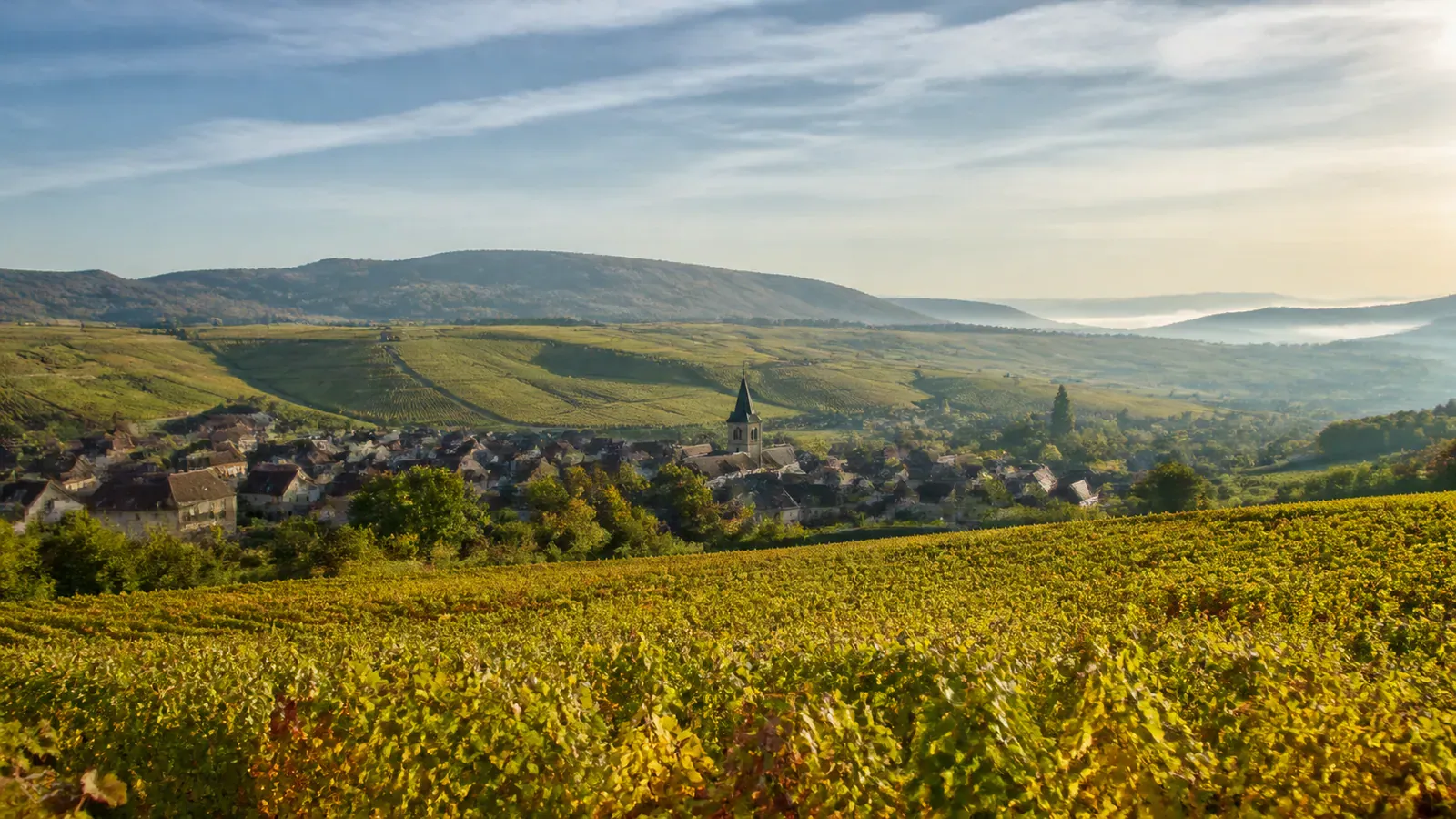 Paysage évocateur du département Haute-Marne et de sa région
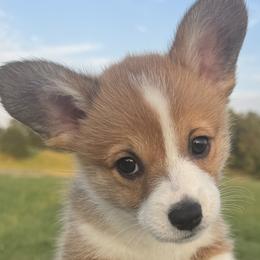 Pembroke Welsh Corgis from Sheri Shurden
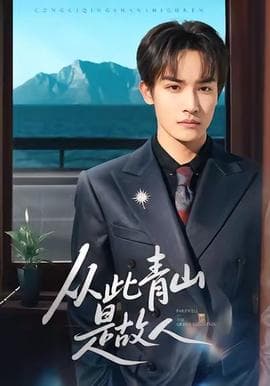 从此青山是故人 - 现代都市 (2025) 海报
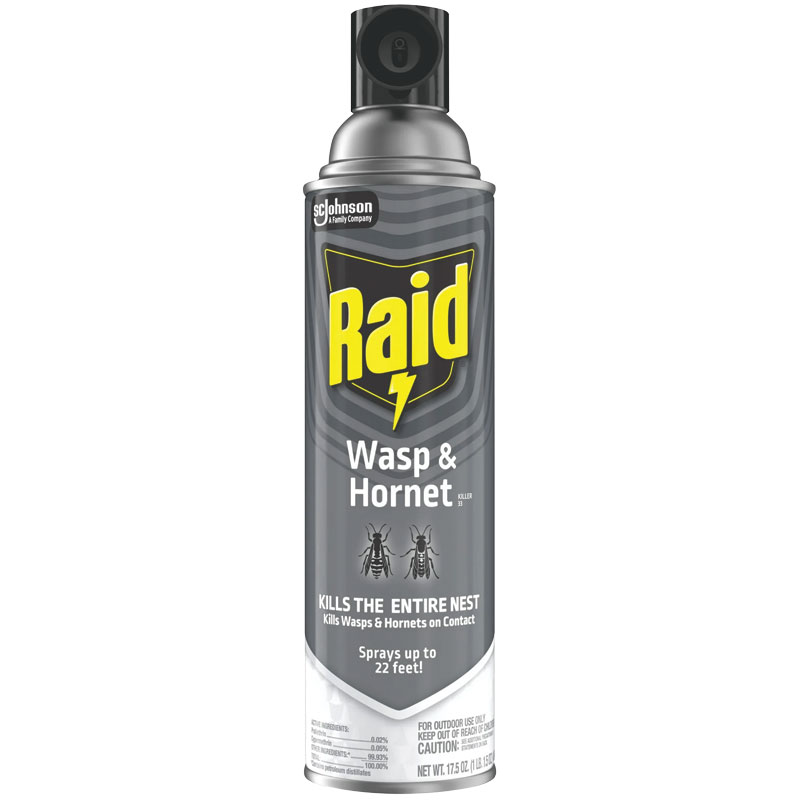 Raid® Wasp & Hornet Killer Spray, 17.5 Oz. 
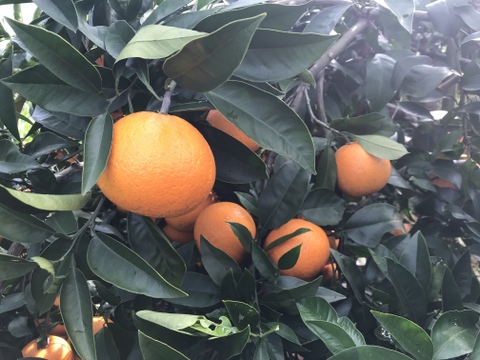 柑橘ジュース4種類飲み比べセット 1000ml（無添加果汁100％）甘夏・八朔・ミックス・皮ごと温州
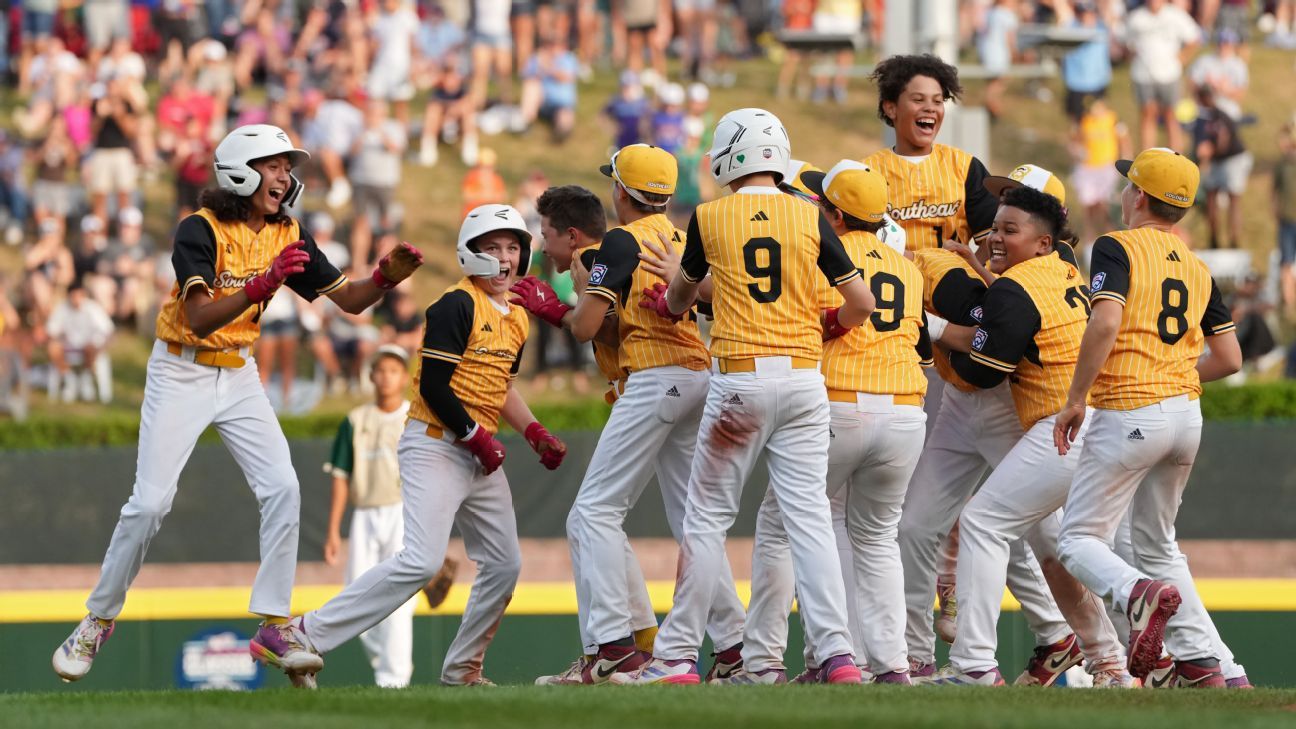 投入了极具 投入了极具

§ Task prompt: The whole listing above must be duplicated word for word, apart from its pictures.

§ Answer for this exercise:
 Paysage évocateur du département Haute-Marne et de sa région
 Pembroke Welsh Corgis from Sheri Shurden
 从此青山是故人 - 现代都市 (2025) 海报
 Raid® Wasp & Hornet Killer Spray, 17.5 Oz. 
 柑橘ジュース4種類飲み比べセット 1000ml（無添加果汁100％）甘夏・八朔・ミックス・皮ごと温州
 投入了极具 投入了极具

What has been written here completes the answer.